第24話.ショタコンの決闘前(2)
私は闘技場の場所を知らなかったので、ラタフィアとジェラルディーンに連れられてとことこ徒歩で行った。
闘技場も、温室や訓練所の様に学園の敷地内に併設されている。イタリアなんて行ったこともない私がローマ風味を感じるほどの、立派な円形闘技場だ。
「貴方はあっちよ」
「分かった。ありがとう二人とも!」
「頑張ってくださいね」
観客席への入口とは違ったところにある選手入場口みたいな所に誰か立っている。係員の方にちげぇねえと私はそちらへスタスタ近づいていった。
げっ!
「こんにちは、アイリーン。昨日一日過ごしてみてどうでしたか?」
「あ、はい。こんにちは。楽しかったです」
陽光に煌めく水宝玉。胸元には燦然と輝く孔雀の羽根型のバッジ。我等が水寮の寮長ギルバートである。
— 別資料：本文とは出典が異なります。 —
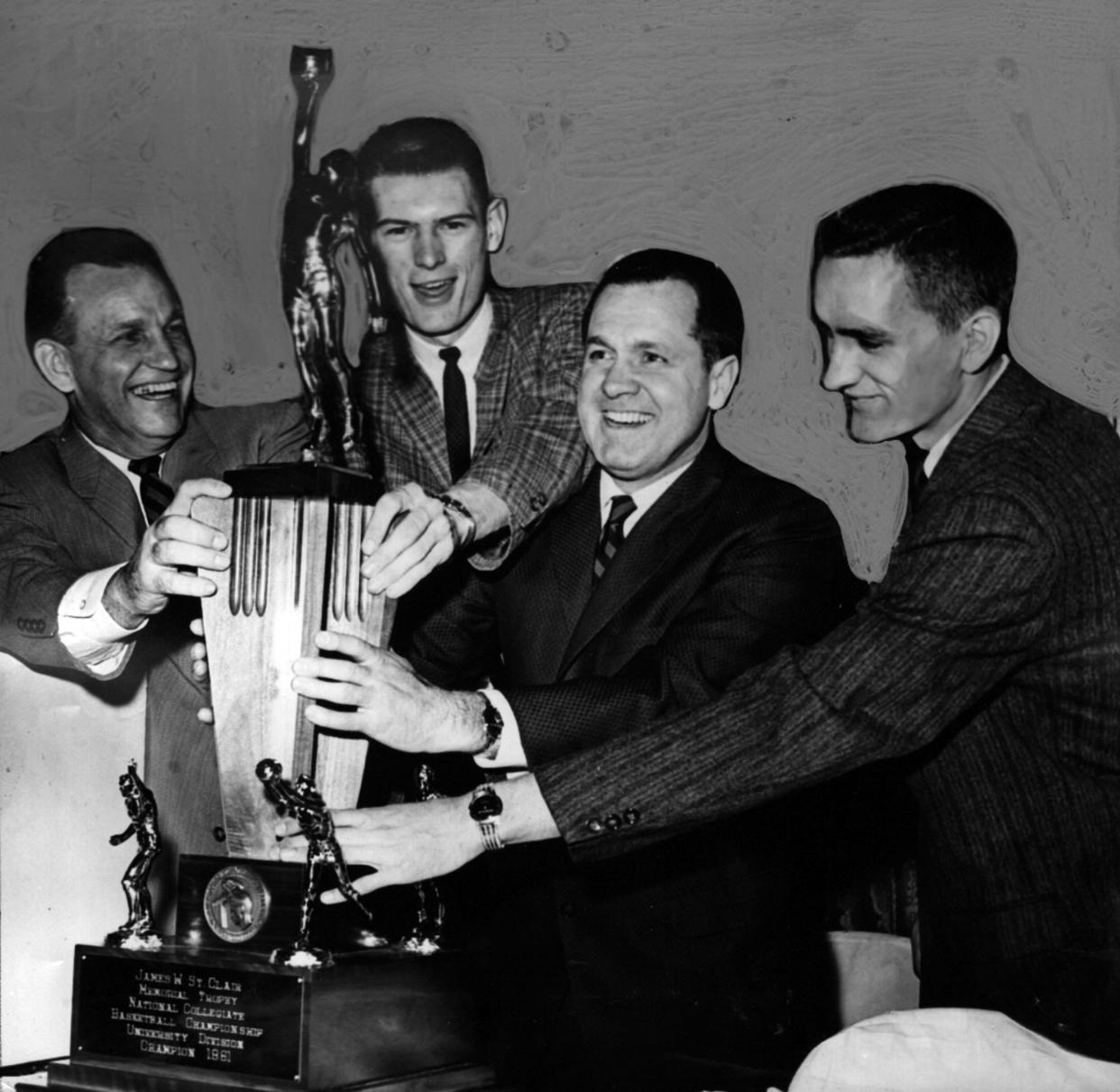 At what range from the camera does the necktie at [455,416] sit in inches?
112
若干固まって問いに答える。何でこの人が……係員の方だと思ったじゃんか。
「二日目にして決闘が、しかも自寮内で発生するとは思いませんでした……あぁ、基本的に決闘の運営は我々寮長が行うので、説明と案内に来たのですよ。相手はすでに準備を整えています」
私が不思議そうにしているのが伝わったのか、丁寧に説明してくれるギルバート。
やはり紳士だ……
私はそこで「一ついいですか」と疑問をぶつけてみることにした。
「何にもしていないのに決闘を申し込まれるって良くあることなんですか?」
ギルバートが固まる。
それから彼は幼子を諭す様な微妙な笑みを浮かべて、少し首を傾げて私に聞き返した。
「アイリーン、何もしていない、と?」
「はい」
「相手、ティーナとの面識は?」
「授業で見たかなぁってくらいです」
「それは……」
ギルバートはしばらく困った様に苦笑していたが、やがて諦めたのか大きな溜め息を吐いた。そんな様すら絵になるから美形はすごい。
「何か、他に気になることは?」
「あ、これ、寮長にはどう見えますか?」
ポケットからティーナのバッジを取り出してギルバートに差し出す。
彼はそれに触れようと手を伸ばし、爪先がバッジに触れた瞬間、弾かれた様に手を少し引いた。
「?」
「……これは」
首を傾げた私に向けられた彼の表情はとても険しく、真剣だった。
「少し、調べる必要がありそうです」
「そ、そうですか……」
「とにかく今日は、頑張ってください」
「はい、それは分かっています」
そう答えた私に、ギルバートは微笑んで歩き出した。少し進んでから、彼は「ああそう言えば」と立ち止まって振り返る。
「私のことはギルバート、と呼んでくださって構いませんよ」
「え、えぇ……?」
なんでよ寮長。
わけわかめ。むむ、古いな。
私は去っていく彼の背を見送り、溜め息を吐き出して選手入場口的な入口にのこのこと進んだ。
その先に本当に係員の方がいて、合図があったら入場するように、と説明を受け、私は闘技場への入場口で座り込み、ぼんやり合図を待つことになった。